__DATA SEGMENT__.
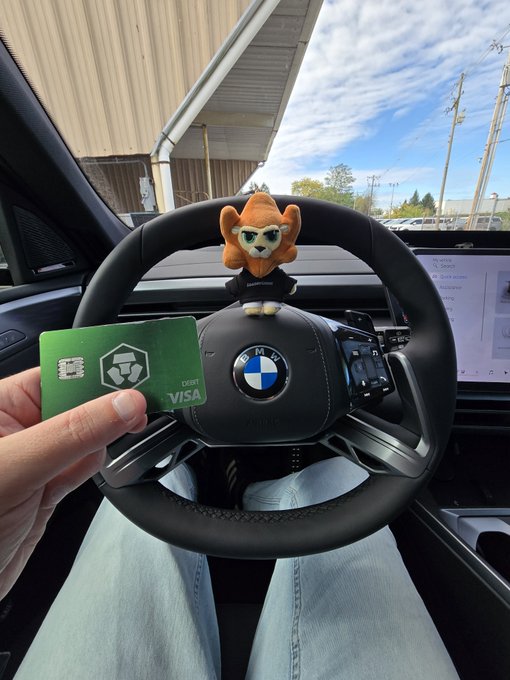 A first-person view from the driver's seat of a BMW, showing a hand holding a green Crypto.com Visa debit card, with a small stuffed lion toy attached to the steering wheel.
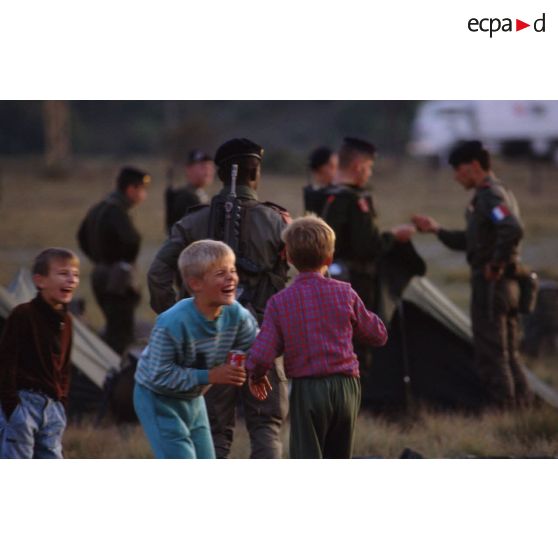 Enfants croates jouant à côté des militaires français au campement installé sur l'autodrome de Rijeka.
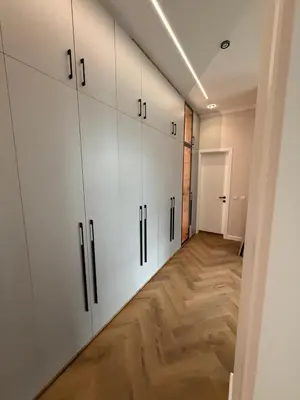 a hallway with white cabinets and a wooden floor at The Giraffe's apartment in Sofia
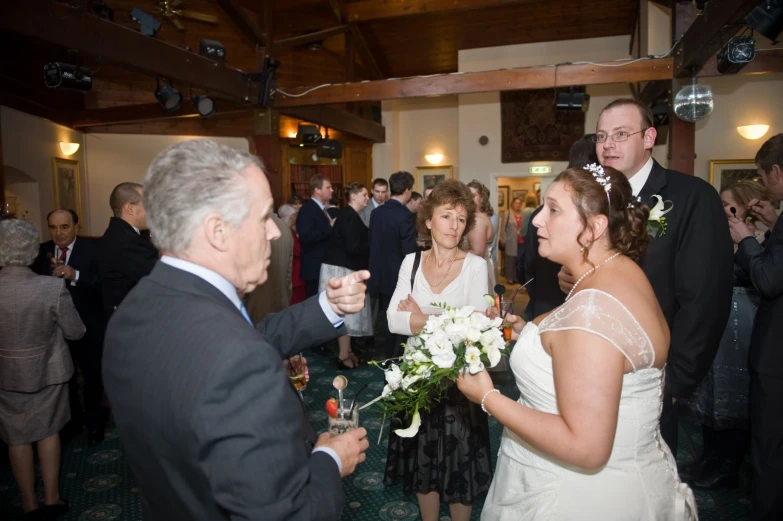 a man and woman having a wedding reception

__WHAT YOU HAVE TO DO__.
Would you set down every line of the data above exactly, skipping the pictures?

__REPLY TO THE EXERCISE__.
 A first-person view from the driver's seat of a BMW, showing a hand holding a green Crypto.com Visa debit card, with a small stuffed lion toy attached to the steering wheel.
 Enfants croates jouant à côté des militaires français au campement installé sur l'autodrome de Rijeka.
 a hallway with white cabinets and a wooden floor at The Giraffe's apartment in Sofia
 a man and woman having a wedding reception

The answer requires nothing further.